Meta declined to answer ten questions WIRED posed before publishing, including whether it had already created the database of face profiles NameTag uses, how long the app retains photographs and biometric data of unrecognised people, and whether that data would ever be sent back to Meta’s servers. The company also did not respond to questions about whether it was building NameTag for blind or low-vision users, or to criticism from privacy advocates who warned the system could let stalkers and abusers identify strangers in public.

NameTag first surfaced in February, when The New York Times, citing internal Meta documents, reported that the company was developing face recognition for its smart glasses and considering a launch as early as this year. One internal memo reportedly described releasing the feature during a “dynamic political environment” when privacy and civil liberties advocates would be distracted by other concerns. WIRED subsequently found that much of NameTag’s machinery had been built into the Meta AI app as early as January, months before any public acknowledgement, adding another layer to the company’s pattern of shipping first and disclosing later when it comes to its smart glasses.

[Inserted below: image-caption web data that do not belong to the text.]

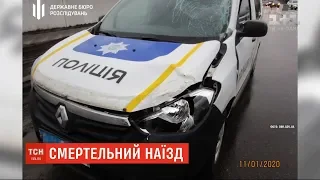 Патрульна машина на смерть збила 40-річного чоловіка на пішохідному переході в Борисполі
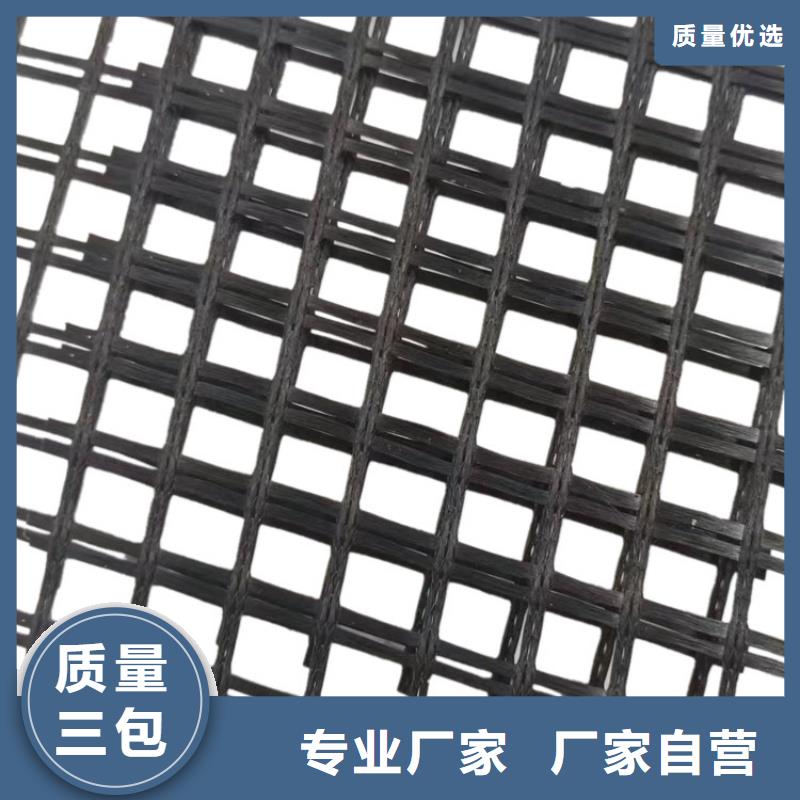 瀝青路面玻纖土工格柵免費(fèi)寄樣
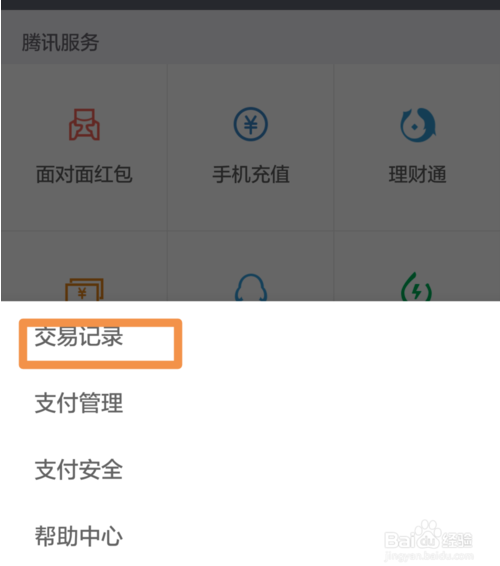微信转账信息不小心删除了，怎么办？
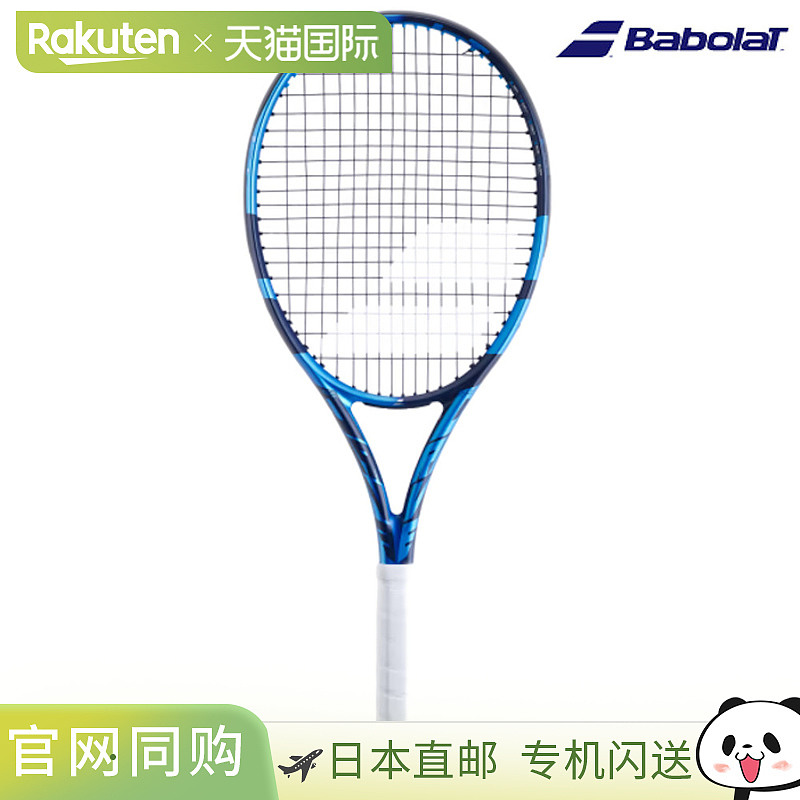 Babolat Pure Drive Team 101441 网球拍日本官方产品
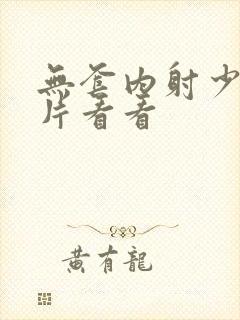 无套内射少妇毛片看看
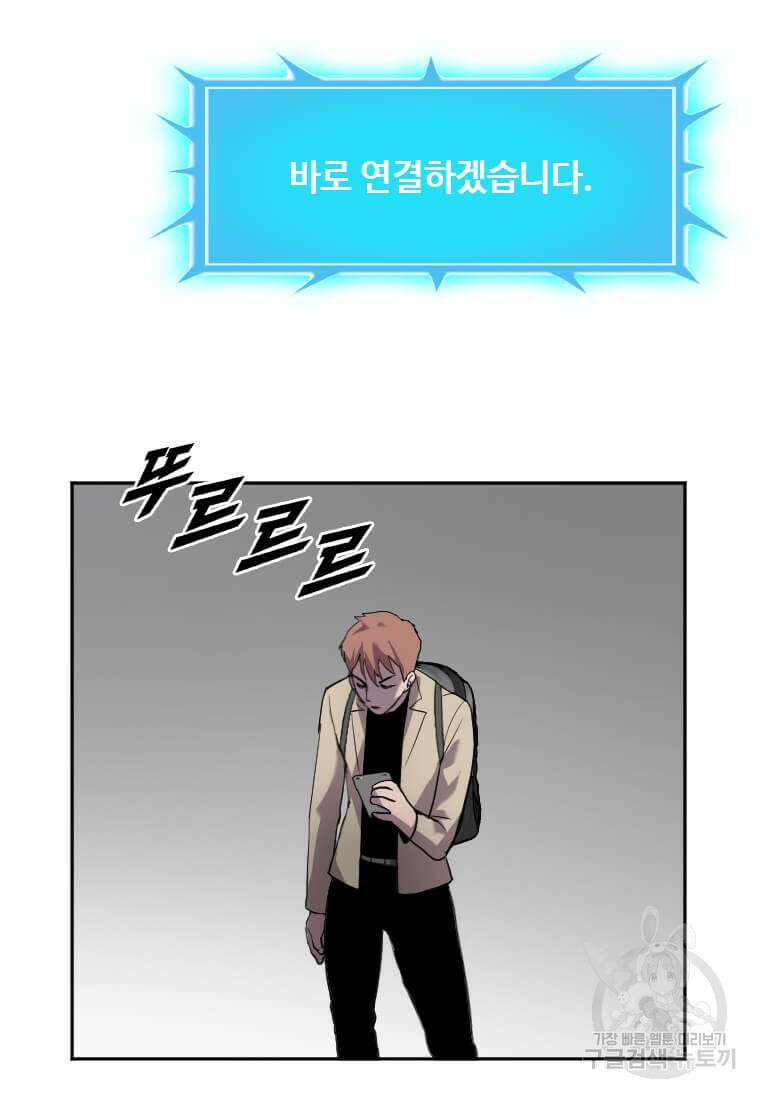 다른 세계에서 주워왔습니다 209화 11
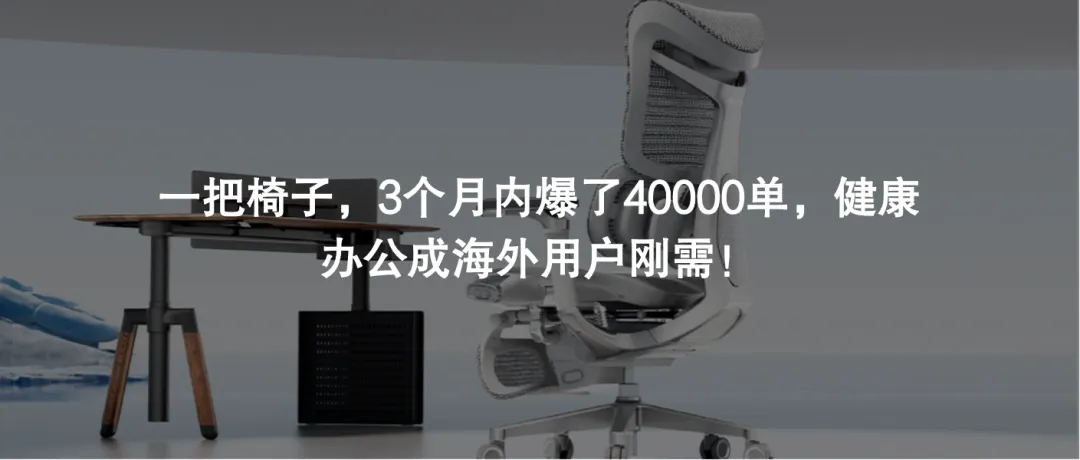 焕新计划 | 赛盈供应链优化升级,200+爆款薅低价!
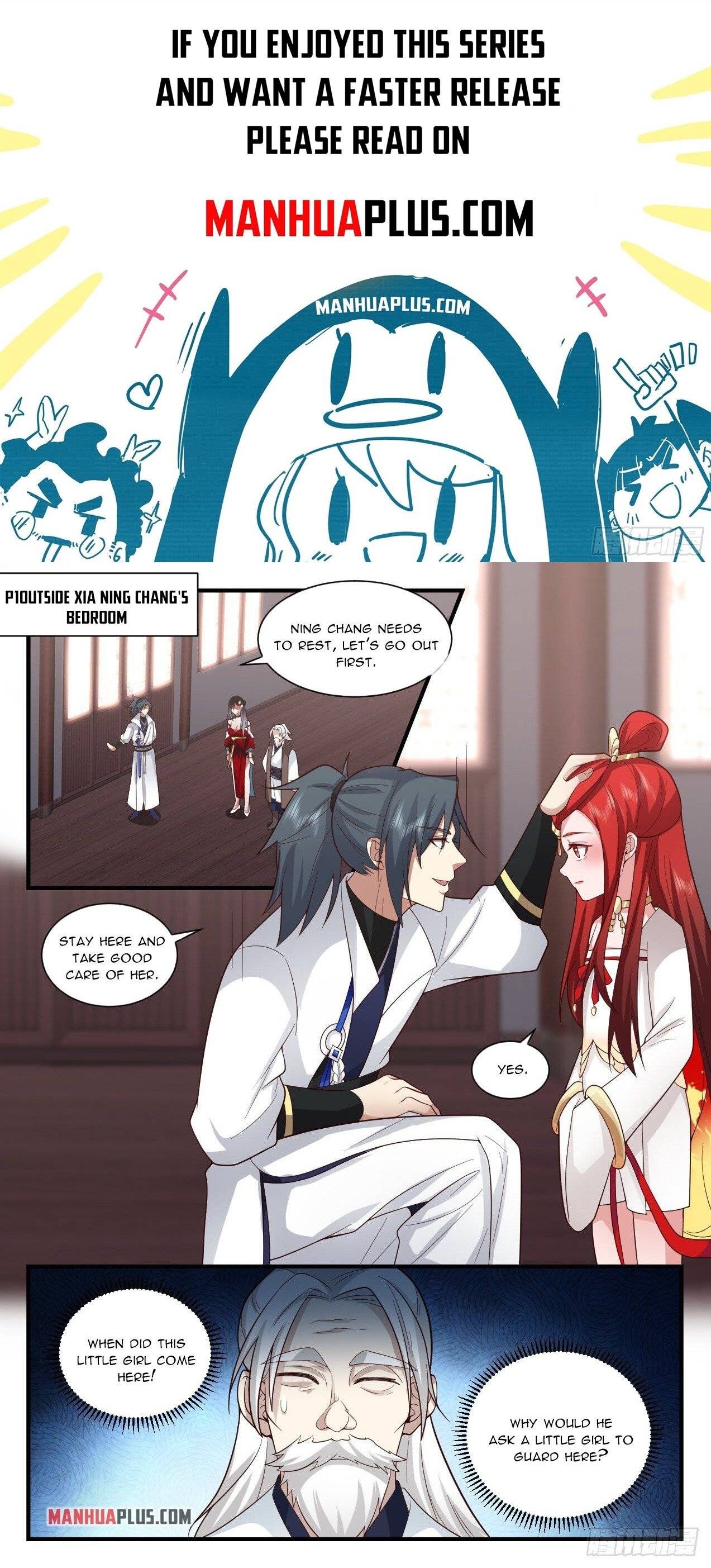 Page 1 of Chapter 2205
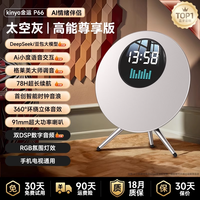 影音电器 麦克风话筒音响一体家用k歌蓝牙音箱家庭ktv套装唱歌唱歌机卡拉ok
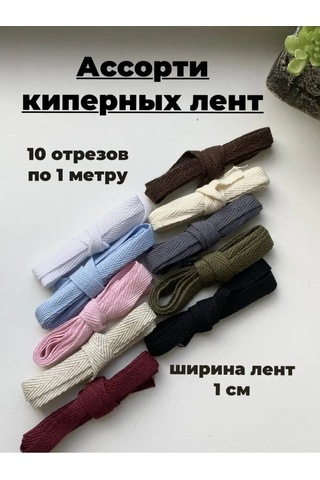 Siberiana 10 Mm'lik Kipe Kipalama Bantı, 10 Adet 1 Metrelik Kutu 107834890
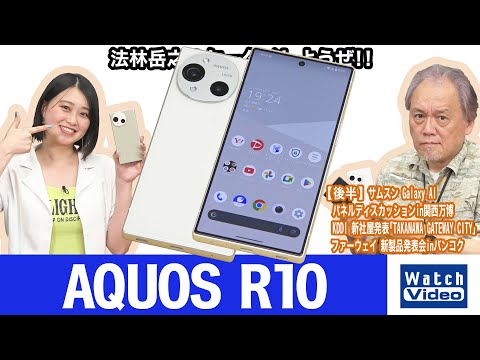 Leica監修のカメラを搭載したシャープのハイエンドモデル「AQUOS R10」【法林岳之のケータイしようぜ!!／825／2025年8月22日公開】
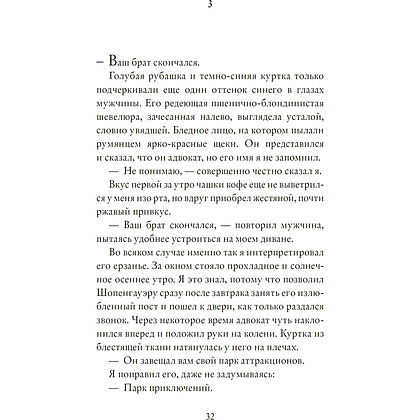 Книга "Фактор кролика", Антти Туомайнен  - 2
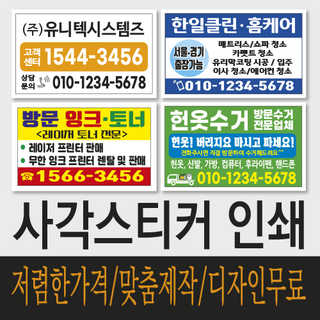 브라더 스티커제작 라벨프린터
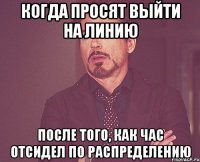 когда просят выйти на линию после того, как час отсидел по распределению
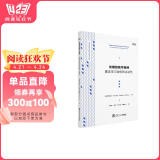 双螺旋教学策略：激发学习动机和主动性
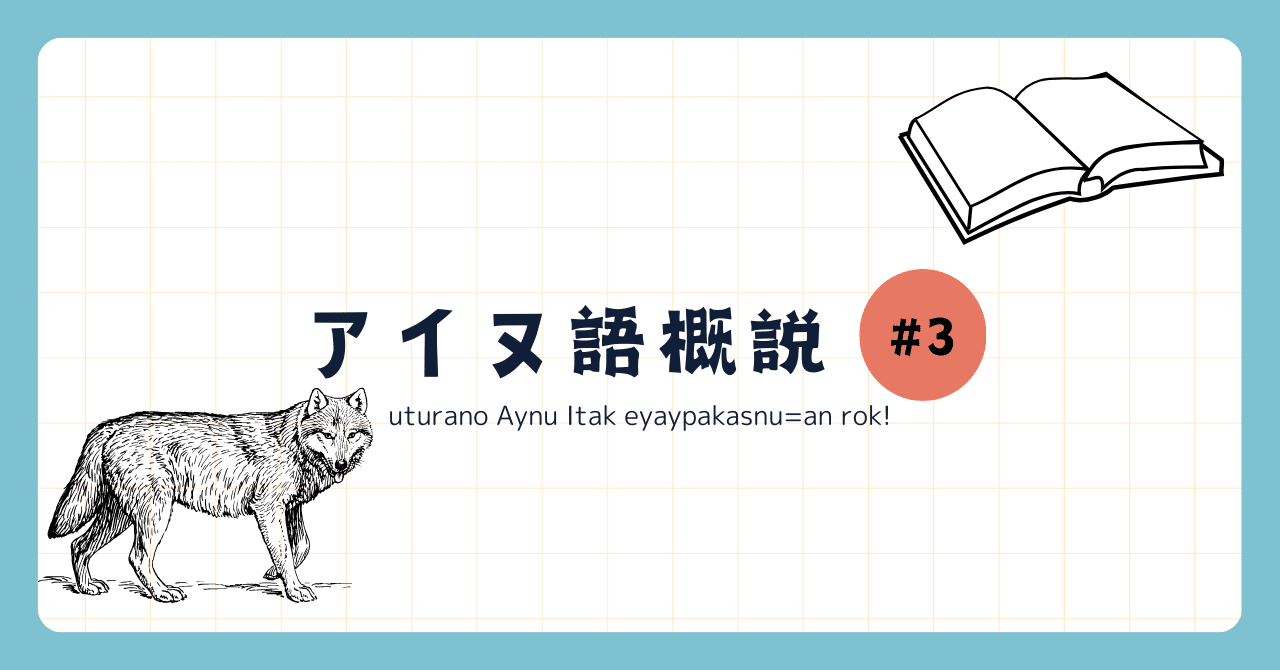 分類アイヌ語辞典 da6f79f8e72296981c412e704886d5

Kade Crockford, director of the technology for liberty programme at the American Civil Liberties Union of Massachusetts, said the removal does not undo the original decision to ship the code and pointed to it as evidence that consumer privacy needs stronger legal protection than Congress has been willing to provide. The Massachusetts House of Representatives last week unanimously passed a consumer privacy bill that, if enacted as written, would impose strong enforcement provisions including a private right of action allowing aggrieved users to sue. “State lawmakers need to do their job and step up to protect consumer privacy,” Crockford said.

Meta’s sneaky tactics in slipping the face-recognition code into its smart glasses show exactly why data privacy bills need the teeth of strong enforcement,” Crockford added. “Companies like Meta prioritise their bottom line, so lawmakers need to speak in the only language its C-suite understands.” Whether a code removal prompted by investigative reporting constitutes a victory or merely a tactical retreat depends on what Meta does next, and on whether the regulatory pressure building on both sides of the Atlantic produces enforceable consequences before the feature quietly returns under a different name.